La mission de la croix est finie, et Jésus peut maintenant en être détaché. Elle devait être pour lui une source de mérites infinis et racheter l’humanité. C’est fait ; consummatum est, tout est consommé. C’est pourquoi le corps est détaché de la croix, devenue inutile ; et il est remis à sa mère qui reconnaît à peine le fruit de ses entrailles tant il est défiguré.
Le même sort nous attend. Un jour, qui est peut être bien proche, après notre crucifixion dans les terreurs et les angoisses de l’agonie, notre âme s’envolera vers la patrie ; et notre corps descendu de la croix — c’est-à-dire délivré enfin de toute douleur, — sera remis à notre mère, la sainte Église.

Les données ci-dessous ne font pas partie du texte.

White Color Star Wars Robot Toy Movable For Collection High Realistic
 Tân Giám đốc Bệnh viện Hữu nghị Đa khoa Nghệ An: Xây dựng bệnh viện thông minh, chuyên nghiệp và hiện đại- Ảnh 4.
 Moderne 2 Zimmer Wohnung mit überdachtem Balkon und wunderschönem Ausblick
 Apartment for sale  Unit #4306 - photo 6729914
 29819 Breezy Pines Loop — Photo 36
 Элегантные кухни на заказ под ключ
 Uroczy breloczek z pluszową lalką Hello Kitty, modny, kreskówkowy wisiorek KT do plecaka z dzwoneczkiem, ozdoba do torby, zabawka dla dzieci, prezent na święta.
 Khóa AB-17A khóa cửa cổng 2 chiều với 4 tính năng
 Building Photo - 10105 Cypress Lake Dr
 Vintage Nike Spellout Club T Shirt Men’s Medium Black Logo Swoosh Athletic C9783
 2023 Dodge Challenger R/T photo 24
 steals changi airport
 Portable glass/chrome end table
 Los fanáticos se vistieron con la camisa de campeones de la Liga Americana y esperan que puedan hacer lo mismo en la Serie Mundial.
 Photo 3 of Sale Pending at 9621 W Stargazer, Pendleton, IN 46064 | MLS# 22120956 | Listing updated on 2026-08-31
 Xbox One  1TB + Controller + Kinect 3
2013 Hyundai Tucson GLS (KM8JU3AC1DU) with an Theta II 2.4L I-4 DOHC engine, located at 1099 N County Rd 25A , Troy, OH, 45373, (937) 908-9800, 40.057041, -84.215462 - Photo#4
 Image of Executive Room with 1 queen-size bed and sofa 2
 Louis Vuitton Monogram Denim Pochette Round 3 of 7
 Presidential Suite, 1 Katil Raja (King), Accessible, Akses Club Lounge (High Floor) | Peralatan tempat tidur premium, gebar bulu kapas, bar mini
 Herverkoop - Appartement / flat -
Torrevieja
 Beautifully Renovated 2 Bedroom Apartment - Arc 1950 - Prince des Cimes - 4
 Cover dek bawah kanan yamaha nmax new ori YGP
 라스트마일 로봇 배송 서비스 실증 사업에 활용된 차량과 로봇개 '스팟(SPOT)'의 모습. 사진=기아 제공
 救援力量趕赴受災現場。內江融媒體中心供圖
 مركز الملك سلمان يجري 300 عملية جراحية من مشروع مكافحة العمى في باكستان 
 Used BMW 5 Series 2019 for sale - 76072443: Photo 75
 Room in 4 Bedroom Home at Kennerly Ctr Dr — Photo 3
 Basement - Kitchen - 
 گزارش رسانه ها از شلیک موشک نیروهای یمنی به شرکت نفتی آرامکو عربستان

Elle nous recevra sur ses genoux, comme elle nous a reçus au jour du baptême, et, gémissant tristement, elle dira à son époux Jésus : « Voyez comme nos enfants sont fatigués, et comme leurs yeux sont fermés à la lumière de ce monde ; donnez-leur le repos et la lumière de l’éternité, requiem æternam dona eis Domine, et lux perpetua luceat eis !
QUATORZIÈME STATION
Jésus est mis dans le sépulcre.
Tout défiguré qu’il est, le corps de Jésus est encore un objet d’amour et de vénération pour sa mère. Elle l’embaume, elle l’enveloppe dans un linceul parfumé, et elle le dépose dans un sépulcre neuf, où il attendra sa résurrection.
Ainsi fera l’Église de nos corps. Envahis déjà par la corruption du tombeau, ils seront devenus pour tous un objet d’horreur ; mais notre mère l’Église leur témoignera du respect et de la vénération. Elle n’oubliera pas qu’ils ont été les compagnons de nos âmes, et qu’ils sont destinés à revivre. Elle jettera sur eux ses longs voiles de deuil ; elle les parfumera de son encens, et enfin elle les confiera à la mère primitive du genre humain, la terre, d’où l’homme a été tiré.
Mais, se ressouvenant aussitôt de l’âme, elle chantera son entrée triomphale dans l’immortalité : In paradisum deducant te Angeli……………….. Au paradis que les Anges te conduisent !
Ô mon Jésus, quand l’Église catholique, dans le sein de laquelle je veux vivre et mourir, entonnera sur ma dépouille mortelle cet admirable chant d’adieu, daignez écouter sa prière et ses vœux, et commandez vous-même à vos Anges de m’ouvrir les portes de la bienheureuse éternité.
Car je crois en vous, et vous l’avez promis : celui qui croit en vous ne mourra pas pour toujours, qui credit in me non morietur in æternum.
AU PIED DE L’AUTEL
Acte de Foi
Mon Dieu, je crois fermement tout ce que la Sainte Église catholique croit et enseigne, par ce que c’est vous qui l’avez dit, et que vous êtes la vérité même.
Acte d’Espérance
Mon Dieu, appuyé sur vos promesses et sur les mérites de Jésus-Christ, mon Sauveur, j’espère avec une ferme confiance que vous me ferez la grâce d’observer vos commandements en ce monde, et d’obtenir par ce moyen la vie éternelle.
Acte d’Amour et de Charité
Mon Dieu, qui êtes digne de tout amour, à cause de vos perfections infinies, je vous aime de tout mon cœur, et j’aime mon prochain comme moi-même pour l’amour de vous.
Ainsi soit-il.
Indulgence de sept ans et sept quarantaines chaque fois que l’on récite ces trois actes.